----- Data to examine

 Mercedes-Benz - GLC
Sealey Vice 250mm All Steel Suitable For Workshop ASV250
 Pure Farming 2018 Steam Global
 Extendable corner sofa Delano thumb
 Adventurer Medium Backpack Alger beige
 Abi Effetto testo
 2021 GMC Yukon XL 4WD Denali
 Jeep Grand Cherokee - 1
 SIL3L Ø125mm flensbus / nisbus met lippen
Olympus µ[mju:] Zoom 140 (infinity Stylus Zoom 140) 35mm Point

----------
----- Data to examine

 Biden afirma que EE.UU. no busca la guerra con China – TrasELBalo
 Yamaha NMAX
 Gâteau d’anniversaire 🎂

----------

* Exercise goal *
Give the exact lines, and only those, from the line containing "Sealey Vice 250mm" through the line containing "Olympus µ[mju:] Zoom" in the entries above.

* Exercise solution *
Sealey Vice 250mm All Steel Suitable For Workshop ASV250
 Pure Farming 2018 Steam Global
 Extendable corner sofa Delano thumb
 Adventurer Medium Backpack Alger beige
 Abi Effetto testo
 2021 GMC Yukon XL 4WD Denali
 Jeep Grand Cherokee - 1
 SIL3L Ø125mm flensbus / nisbus met lippen
Olympus µ[mju:] Zoom 140 (infinity Stylus Zoom 140) 35mm Point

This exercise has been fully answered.